* **Records to use**:
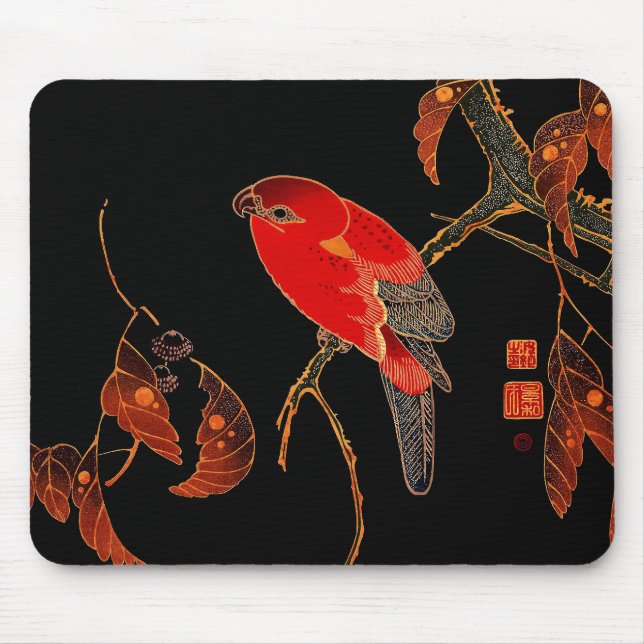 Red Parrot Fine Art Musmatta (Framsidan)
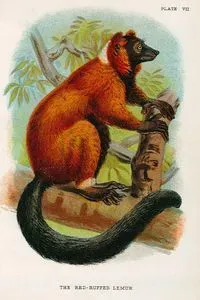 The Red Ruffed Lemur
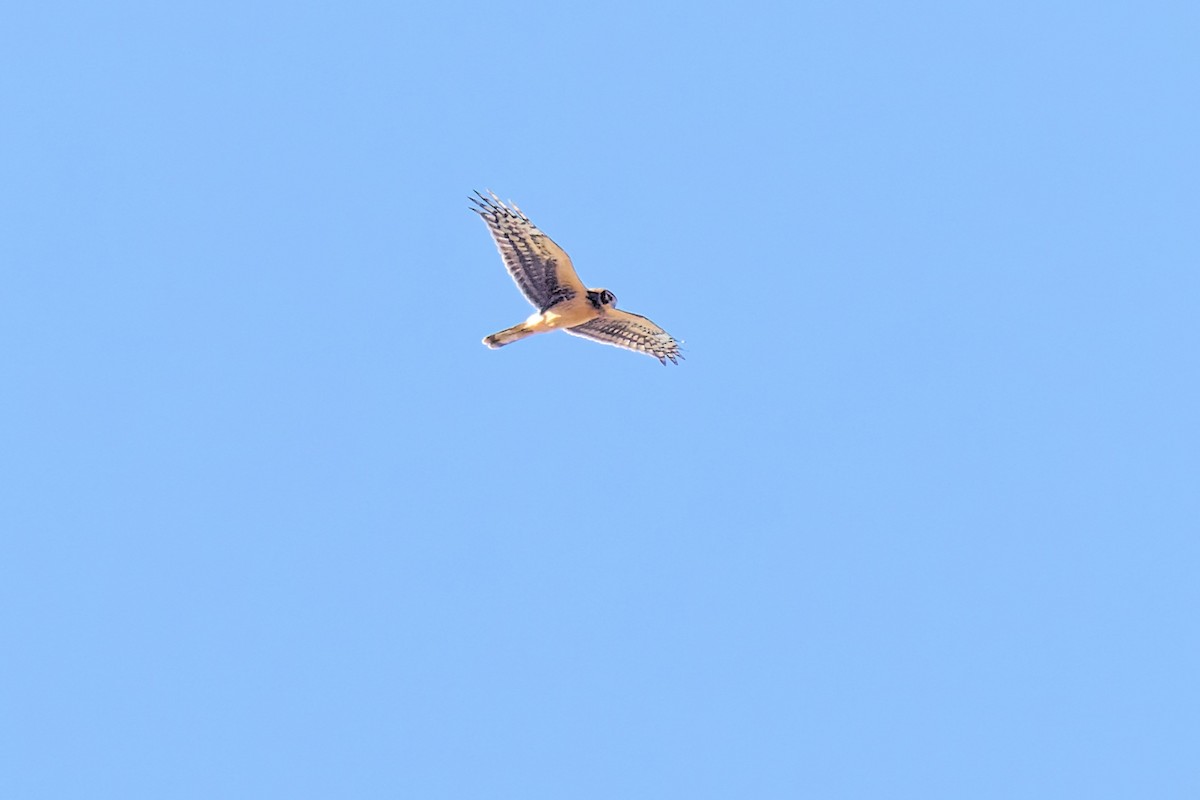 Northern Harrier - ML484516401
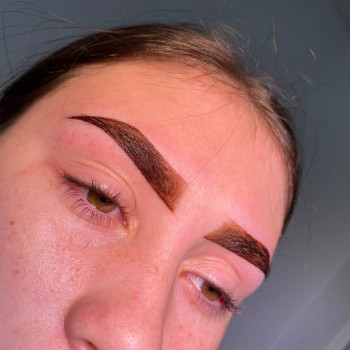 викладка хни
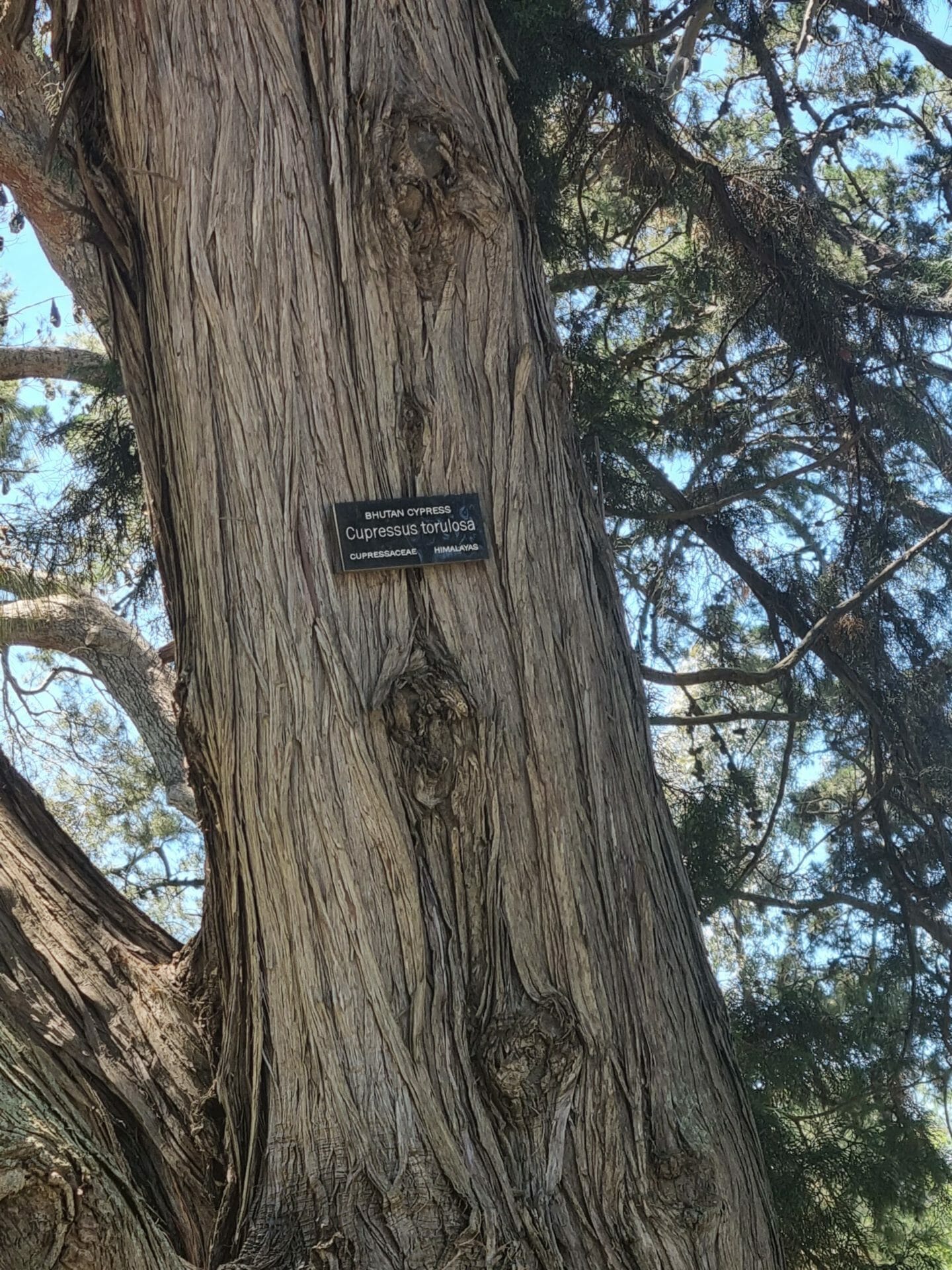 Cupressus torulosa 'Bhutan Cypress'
--
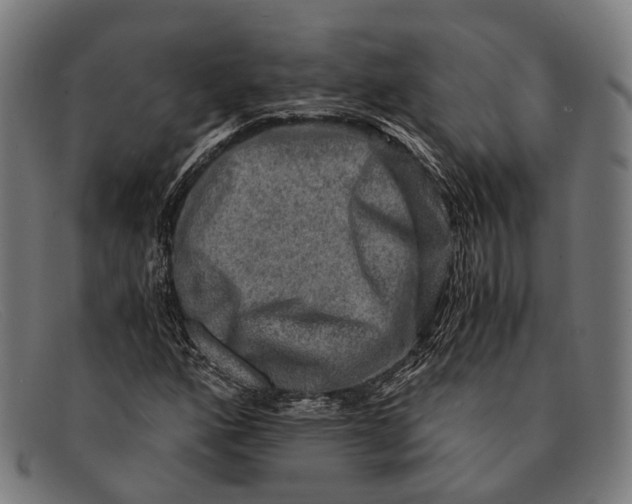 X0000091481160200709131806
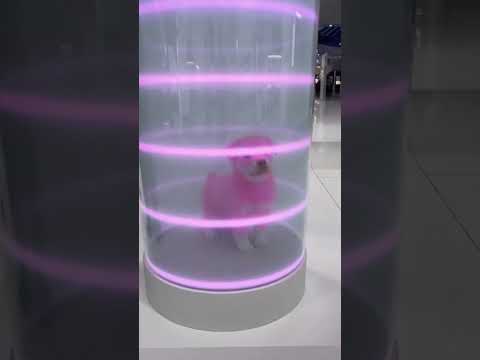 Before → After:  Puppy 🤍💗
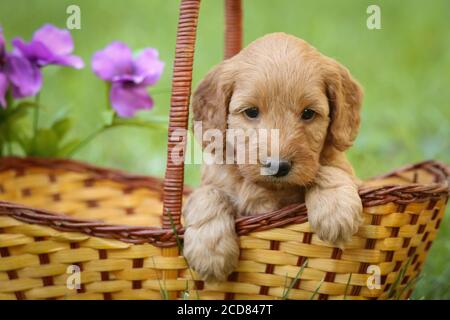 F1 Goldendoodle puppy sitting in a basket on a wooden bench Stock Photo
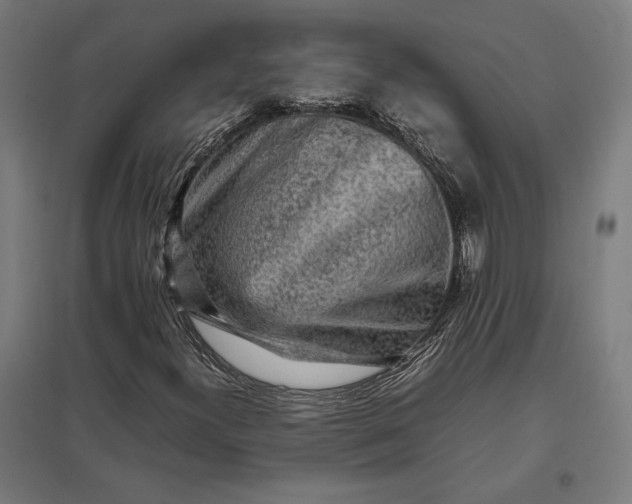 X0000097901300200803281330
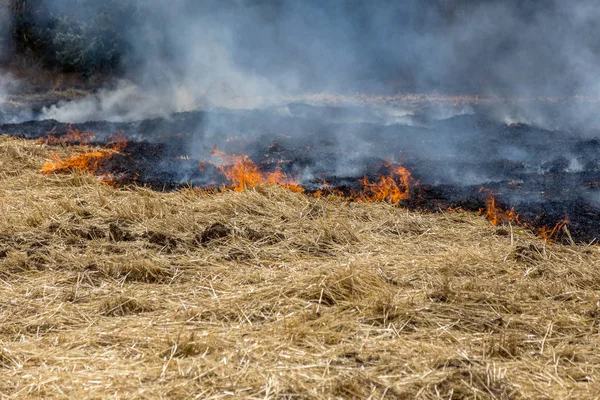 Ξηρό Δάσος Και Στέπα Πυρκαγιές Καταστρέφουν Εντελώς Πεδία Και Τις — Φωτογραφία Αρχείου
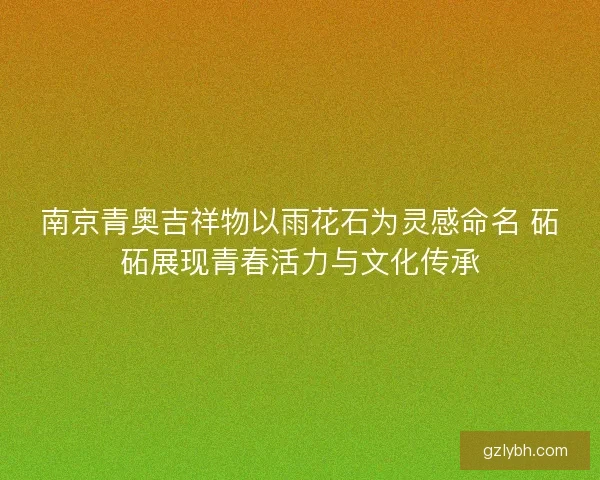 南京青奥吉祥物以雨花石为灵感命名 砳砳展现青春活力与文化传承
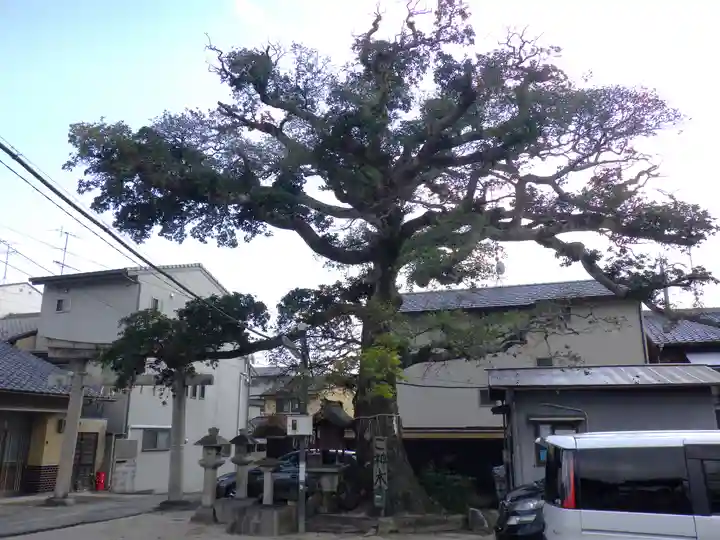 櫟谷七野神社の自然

* **Exercise**: From the data above, retype only the lines starting with the line with "The Red Ruffed Lemur" and going on through the line with "Cupressus torulosa 'Bhutan Cypress'", exactly, leaving out the pictures.

* **Output of the task**:
 The Red Ruffed Lemur
 Northern Harrier - ML484516401
 викладка хни
 Cupressus torulosa 'Bhutan Cypress'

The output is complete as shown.